Games of 2022: Live A Live was the best short story collection of the year
Live A Live is a short slice of the weird and wonderful world of the JRPG.
When it's wacky, oh boy does it get wacky. One of my favourite stories, set in the near future, is the best episode of the Power Rangers you've never seen. Spiky-haired protagonist Akira uses his psychic powers with the help of 'local businessman' Matsu, friend of his orphanage, to foil the plot of a biker gang. Along the way you'll use Akira's psychic powers in combat to deploy powerful moves such as 'Mother's Shame', which confuses enemies with thoughts of their mothers, so they lose the will to fight. Oh, and there's also giant kaiju-style mechs, because why not?
Depending on what story you pick next, you could be met with deep introspection on what it means to be human in the distant future, or fart and sex jokes in the prehistory era. Maybe you want to be a repentant gunslinger in the wild west instead, train up a martial artist apprentice in Imperial China, or infiltrate a compound as a trainee ninja in Edo Japan.

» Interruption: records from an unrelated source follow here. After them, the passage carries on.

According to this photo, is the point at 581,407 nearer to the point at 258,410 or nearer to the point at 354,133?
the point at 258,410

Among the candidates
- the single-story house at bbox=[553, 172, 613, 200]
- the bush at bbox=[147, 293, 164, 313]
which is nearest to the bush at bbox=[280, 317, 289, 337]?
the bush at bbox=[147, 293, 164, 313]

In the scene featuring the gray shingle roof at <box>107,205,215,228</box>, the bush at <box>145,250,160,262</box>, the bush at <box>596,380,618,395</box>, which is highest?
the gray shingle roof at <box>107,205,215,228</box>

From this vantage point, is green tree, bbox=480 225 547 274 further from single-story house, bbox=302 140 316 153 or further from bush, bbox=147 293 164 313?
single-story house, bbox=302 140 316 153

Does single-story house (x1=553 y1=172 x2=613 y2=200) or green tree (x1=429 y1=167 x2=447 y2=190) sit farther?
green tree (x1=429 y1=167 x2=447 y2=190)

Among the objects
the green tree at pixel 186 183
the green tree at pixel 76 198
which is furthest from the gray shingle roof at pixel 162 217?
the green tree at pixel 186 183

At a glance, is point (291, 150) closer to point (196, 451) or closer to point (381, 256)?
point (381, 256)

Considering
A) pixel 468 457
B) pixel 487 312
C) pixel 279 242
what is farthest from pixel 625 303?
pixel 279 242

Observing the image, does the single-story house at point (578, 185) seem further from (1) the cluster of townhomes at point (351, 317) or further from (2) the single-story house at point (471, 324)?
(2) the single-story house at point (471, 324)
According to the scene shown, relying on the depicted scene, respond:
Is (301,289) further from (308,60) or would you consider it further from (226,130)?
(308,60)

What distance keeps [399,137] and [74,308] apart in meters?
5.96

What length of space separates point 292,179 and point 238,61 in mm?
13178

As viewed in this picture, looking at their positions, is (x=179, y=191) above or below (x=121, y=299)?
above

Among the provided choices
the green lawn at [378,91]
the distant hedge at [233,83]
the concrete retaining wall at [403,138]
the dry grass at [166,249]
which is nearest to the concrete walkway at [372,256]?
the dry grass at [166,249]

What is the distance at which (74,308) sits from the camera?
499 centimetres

While the different eras seem to take their inspiration from movies and TV more than anything else, it's the way Live A Live separates the two tones found in many JRPGs and assigns one of them to each chapter that is one of the real standouts of each story to me. It's one of the ways writers Takashi Tokita and Nobuyuki Inoue examine the makings of a traditional JRPG. Something they know all about, with both working on early Final Fantasy entries and Tokita going on to write and direct Chrono Trigger, with Inoue eventually working on Legend of Mana.